§ **Assignment**: Only these lines of the data below are wanted: the one with "Armani Exchange logo-plaque", the one with "Dirbtinė pilkos spalvos", and any lines between them, each repeated exactly.

Brief descriptive captions
- - - - - - -
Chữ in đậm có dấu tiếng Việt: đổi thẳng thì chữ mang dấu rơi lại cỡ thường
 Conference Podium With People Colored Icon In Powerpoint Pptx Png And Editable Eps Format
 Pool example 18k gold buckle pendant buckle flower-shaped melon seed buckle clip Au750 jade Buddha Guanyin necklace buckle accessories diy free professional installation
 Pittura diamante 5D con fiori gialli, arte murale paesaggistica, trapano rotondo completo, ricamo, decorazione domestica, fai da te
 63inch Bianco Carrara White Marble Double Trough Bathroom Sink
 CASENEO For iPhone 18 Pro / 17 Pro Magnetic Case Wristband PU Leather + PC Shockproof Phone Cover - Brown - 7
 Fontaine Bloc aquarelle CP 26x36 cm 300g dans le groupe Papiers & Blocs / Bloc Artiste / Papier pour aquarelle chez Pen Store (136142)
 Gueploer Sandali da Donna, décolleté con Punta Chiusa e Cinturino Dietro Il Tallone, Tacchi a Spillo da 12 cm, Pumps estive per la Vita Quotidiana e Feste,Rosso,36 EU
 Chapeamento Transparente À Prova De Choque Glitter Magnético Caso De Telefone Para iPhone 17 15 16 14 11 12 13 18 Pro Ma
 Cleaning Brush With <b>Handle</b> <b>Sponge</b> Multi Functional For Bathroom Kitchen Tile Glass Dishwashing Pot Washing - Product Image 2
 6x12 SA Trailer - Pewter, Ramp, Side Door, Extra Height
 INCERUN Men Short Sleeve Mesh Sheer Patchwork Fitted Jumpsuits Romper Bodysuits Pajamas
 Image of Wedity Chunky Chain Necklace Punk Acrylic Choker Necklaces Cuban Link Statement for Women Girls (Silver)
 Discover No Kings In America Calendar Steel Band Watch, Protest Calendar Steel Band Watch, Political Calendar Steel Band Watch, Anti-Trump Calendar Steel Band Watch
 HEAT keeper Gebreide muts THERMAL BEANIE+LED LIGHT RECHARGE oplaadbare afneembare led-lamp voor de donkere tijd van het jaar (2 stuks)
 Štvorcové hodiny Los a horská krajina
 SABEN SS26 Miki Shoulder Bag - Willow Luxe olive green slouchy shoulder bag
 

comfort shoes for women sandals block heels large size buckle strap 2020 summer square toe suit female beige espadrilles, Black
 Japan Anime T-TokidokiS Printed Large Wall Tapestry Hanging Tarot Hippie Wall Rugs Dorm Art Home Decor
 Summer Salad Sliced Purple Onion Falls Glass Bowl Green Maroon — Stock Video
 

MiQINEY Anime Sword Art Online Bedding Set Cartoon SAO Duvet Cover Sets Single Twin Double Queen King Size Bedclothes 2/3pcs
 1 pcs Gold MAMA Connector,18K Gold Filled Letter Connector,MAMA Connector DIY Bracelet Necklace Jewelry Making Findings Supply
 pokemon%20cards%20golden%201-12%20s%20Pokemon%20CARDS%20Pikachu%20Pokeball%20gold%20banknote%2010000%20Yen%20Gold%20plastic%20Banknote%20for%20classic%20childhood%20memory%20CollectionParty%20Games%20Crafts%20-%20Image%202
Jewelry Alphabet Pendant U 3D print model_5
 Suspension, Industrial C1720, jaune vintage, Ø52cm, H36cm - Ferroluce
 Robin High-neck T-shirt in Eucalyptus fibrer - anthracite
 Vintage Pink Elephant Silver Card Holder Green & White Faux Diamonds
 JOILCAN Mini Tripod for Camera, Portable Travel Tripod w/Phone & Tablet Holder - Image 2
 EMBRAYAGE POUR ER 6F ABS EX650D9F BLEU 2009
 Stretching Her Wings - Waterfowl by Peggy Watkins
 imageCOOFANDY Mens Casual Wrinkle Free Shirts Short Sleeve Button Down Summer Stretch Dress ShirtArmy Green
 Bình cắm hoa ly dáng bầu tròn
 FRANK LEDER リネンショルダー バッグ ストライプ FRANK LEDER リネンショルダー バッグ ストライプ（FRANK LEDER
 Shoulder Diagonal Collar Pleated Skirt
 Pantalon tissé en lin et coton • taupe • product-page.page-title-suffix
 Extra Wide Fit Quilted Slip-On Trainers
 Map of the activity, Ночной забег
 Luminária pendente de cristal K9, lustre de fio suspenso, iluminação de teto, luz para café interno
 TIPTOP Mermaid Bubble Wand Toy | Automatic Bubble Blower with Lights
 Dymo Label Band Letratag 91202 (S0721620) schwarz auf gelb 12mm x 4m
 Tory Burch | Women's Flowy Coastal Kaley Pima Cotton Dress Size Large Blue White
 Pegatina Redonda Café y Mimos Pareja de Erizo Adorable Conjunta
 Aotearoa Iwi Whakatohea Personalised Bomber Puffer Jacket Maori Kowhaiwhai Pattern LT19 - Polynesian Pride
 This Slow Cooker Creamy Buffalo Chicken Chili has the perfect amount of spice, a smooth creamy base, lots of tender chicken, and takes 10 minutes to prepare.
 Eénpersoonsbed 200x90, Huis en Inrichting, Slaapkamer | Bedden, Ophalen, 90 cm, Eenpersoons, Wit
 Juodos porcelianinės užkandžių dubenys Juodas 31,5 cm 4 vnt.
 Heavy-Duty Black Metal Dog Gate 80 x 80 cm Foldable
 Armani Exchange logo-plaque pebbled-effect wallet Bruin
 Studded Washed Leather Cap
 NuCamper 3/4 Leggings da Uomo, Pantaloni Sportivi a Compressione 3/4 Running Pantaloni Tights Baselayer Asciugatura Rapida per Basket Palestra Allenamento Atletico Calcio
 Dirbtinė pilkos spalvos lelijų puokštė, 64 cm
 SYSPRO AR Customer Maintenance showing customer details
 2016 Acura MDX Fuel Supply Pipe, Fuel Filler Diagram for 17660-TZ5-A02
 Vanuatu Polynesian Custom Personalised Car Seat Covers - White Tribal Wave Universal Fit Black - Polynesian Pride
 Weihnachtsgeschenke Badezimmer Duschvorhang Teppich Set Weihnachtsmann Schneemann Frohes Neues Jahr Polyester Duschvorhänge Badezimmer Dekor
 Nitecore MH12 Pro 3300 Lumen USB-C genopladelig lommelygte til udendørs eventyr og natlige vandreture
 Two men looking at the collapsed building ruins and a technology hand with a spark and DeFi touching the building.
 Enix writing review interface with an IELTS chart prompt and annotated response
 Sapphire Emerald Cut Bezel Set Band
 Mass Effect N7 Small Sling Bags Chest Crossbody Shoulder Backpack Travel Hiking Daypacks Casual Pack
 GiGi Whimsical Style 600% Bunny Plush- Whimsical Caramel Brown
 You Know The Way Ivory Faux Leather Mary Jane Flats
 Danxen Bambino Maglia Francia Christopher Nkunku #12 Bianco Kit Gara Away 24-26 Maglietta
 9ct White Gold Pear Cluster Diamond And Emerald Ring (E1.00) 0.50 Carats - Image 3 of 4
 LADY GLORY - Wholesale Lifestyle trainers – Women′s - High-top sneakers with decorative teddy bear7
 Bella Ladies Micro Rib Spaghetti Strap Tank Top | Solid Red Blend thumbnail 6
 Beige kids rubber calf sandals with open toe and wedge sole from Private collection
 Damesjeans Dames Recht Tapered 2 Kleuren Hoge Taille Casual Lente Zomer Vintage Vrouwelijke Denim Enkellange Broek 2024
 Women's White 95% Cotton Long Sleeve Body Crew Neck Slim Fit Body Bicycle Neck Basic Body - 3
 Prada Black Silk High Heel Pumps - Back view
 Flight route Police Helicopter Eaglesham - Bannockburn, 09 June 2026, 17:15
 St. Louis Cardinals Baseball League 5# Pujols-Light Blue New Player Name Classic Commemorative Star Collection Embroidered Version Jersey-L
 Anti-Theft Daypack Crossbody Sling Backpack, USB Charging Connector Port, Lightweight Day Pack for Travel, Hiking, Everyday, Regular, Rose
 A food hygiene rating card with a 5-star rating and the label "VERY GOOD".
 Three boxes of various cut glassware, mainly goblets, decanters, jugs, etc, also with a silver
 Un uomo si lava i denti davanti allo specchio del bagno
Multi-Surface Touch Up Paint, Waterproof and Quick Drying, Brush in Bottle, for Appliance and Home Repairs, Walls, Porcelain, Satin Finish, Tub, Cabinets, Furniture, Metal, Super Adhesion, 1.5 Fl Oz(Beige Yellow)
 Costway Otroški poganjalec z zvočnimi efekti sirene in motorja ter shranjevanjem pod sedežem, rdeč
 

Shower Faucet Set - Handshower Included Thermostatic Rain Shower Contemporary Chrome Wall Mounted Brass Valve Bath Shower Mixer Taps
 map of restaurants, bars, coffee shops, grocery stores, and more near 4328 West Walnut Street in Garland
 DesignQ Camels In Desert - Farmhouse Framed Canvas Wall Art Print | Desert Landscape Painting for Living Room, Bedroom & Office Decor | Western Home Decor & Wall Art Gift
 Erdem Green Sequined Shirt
- - - - - - -
§ **Solution for this exercise**:
 Armani Exchange logo-plaque pebbled-effect wallet Bruin
 Studded Washed Leather Cap
 NuCamper 3/4 Leggings da Uomo, Pantaloni Sportivi a Compressione 3/4 Running Pantaloni Tights Baselayer Asciugatura Rapida per Basket Palestra Allenamento Atletico Calcio
 Dirbtinė pilkos spalvos lelijų puokštė, 64 cm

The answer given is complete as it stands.